But is it really so alien? Cheong points out that despite our inclination to disbelief and ridicule, hereditary succession is alive and well. Corporate power and even the leadership of major churches in South Korea are still typically passed from fathe
r to son. Hereditary succession and even primogeniture still dictate not just ownership but leadership of major business enterprises the world over, even in the presumably enlightened districts of the media, whether such an enterprise is the vast conservative empire of Rupert Murdoch or the esteemed liberal New York Times. Americans elected the son of President George H. W. Bush to serve for two terms, and may be casting votes for another Bush in 2016. There are still enthusiasts who long for another Kennedy to emerge from a new crop at Hyannis Port and pick up the torch. The current president of the Republic of Korea (South Korea), Park Geun Hye, is the eldest child of the nation’s former dictatorial leader Park Chung Hee, who ruled from 1961 until his assassination in 1979, and who is still more highly regarded than any of the presidents who have followed. There is no doubt that his daughter’s election in 2011 resulted in large part because of nostalgia for her father’s rule.

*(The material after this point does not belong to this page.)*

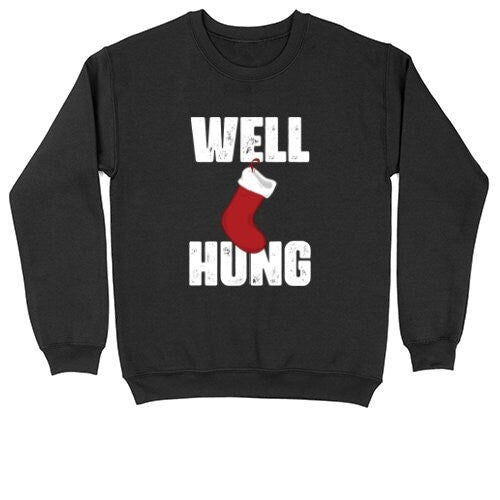 Well Hung | Crew Neck Sweatshirt | Big & Tall | Mens and Ladies | Ugly Christmas Sweater | Funny Christmas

North Korea has never known anything else. It has no experience with government by consent. Just before Korea’s annexation by Japan in 1910, Koreans were still living under monarchy. And after that the rule was imperial Japan, so they bowed to the emperor. After the USSR freed North Korea from Japan in 1945, Kim Il Sung stepped into the role. The vague nationalist ideology the regime calls juche is nothing more than an effort to rationalize in pseudo-Marxist terms what Myers calls “radical ethno-nationalism.” The myth of the Kims and of Korean racial superiority is not some strange invention being forced down the people’s throats. It is the traditional way. It is who they are.
“North Koreans have never grasped the idea of freedom or democracy,” says Cheong. “They just don’t have that concept in their heads. Even many defectors, those who have fled North Korea—they still have respect and even reverence for Kim Il Sung.”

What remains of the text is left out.